The Israeli military said many of the casualties were caused by a stampede over the food and people being run over by aid trucks.

Following the Feb. 29 violence, the United States announced plans to build a temporary pier in Gaza to bring in food by sea and joined with other countries to airdrop food into the isolated north. 

The U.S. military said earlier this week the pier will be ready in about 60 days and will allow for the delivery of up to two million meals a day.

A red and white ship near the horizon pulls something behind it in sunny conditions and calm waters. Two people stand on something in the water nearer the camera.
A ship belonging to the Open Arms aid group approaches the shores of Gaza towing a barge with 200 tonnes of humanitarian aid on Friday. (Abdel Kareem Hana/The Associated Press)

A ship towing a barge loaded with food arrived off the coast of Gaza on Friday, witnesses said, as a test run for a new aid route by sea from Cyprus.

The ship, arranged by the World Central Kitchen charity, is carrying nearly 200 tonnes of aid to be delivered via a jetty separate from the U.S. pier.

There are few details on how the aid delivery and distribution will work once it is ready to unload in Gaza, with UN relief agencies having described huge obstacles to getting relief supplies to those in need.

A second ship is expected to sail soon.

A figure is silhouetted against a large, open door of an airplane in flight. A coastline and water can be seen below.
A member of the U.S. Air force collects cables following an aid drop over Gaza Thursday. (Leo Correa/The Associated Press)

While welcoming aid ships, Palestinian and UN officials say maritime deliveries are not a substitute for sending aid through land crossings, most of which are completely sealed off by Israel.

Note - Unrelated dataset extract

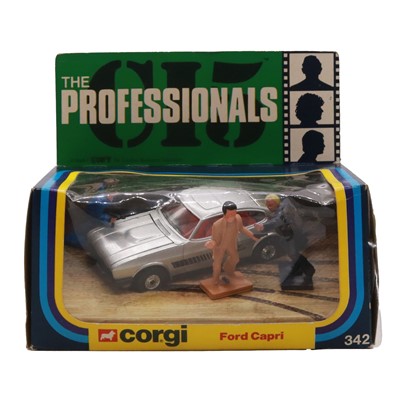 Lot 9 - Corgi 342 'The Professionals' Ford Capri die-cast models, boxed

Israel says it is not to blame for Gaza’s hunger, as it is allowing aid through two crossings at the southern edge of the territory. Aid agencies say that is not enough to get sufficient supplies through, particularly to the northern part of the enclave.

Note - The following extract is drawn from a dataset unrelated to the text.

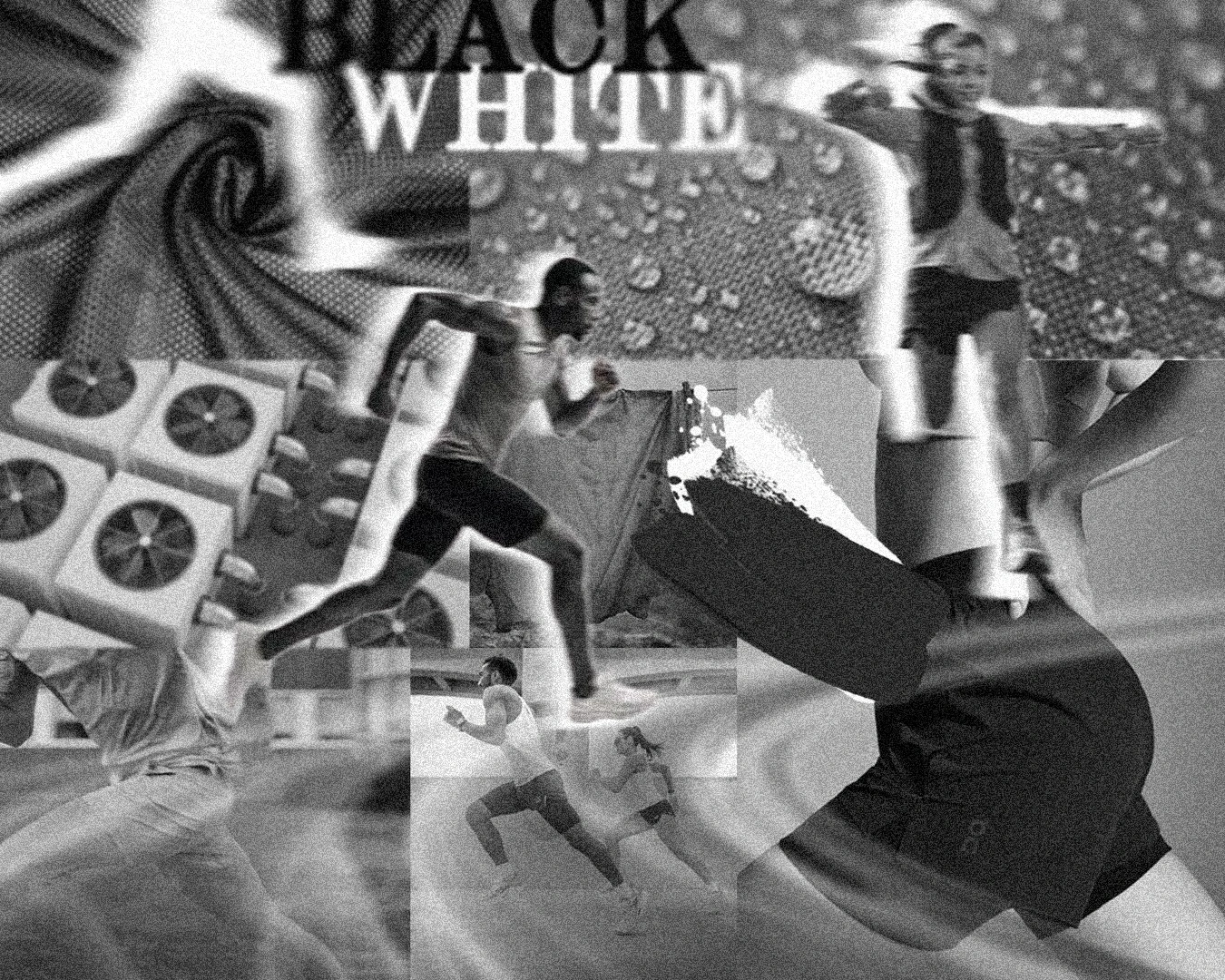 Running apparel project moodboard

Efforts to reach a ceasefire between Israel and the Islamist militant Hamas have so far failed. While Israel said it sought a deal that would secure the release of hostages in Gaza in exchange for the release of Palestinians held by Israel, Hamas insists an agreement should end the war.

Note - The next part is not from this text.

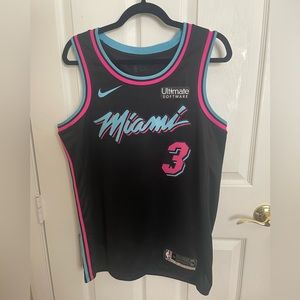 Authentic Dwyane Wade Nike Miami HEAT Vice Nights Swingman Jersey (M / Black)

Late on Thursday, Hamas said it presented to mediators a comprehensive vision of a truce deal based on stopping what it calls Israeli aggression against Palestinians in the Gaza Strip, providing relief and aid, the return of displaced Gazans to their homes and the withdrawal of Israeli forces.

The office of Israeli Prime Minister Benjamin Netanyahu said the new Hamas position was based on “unrealistic demands.”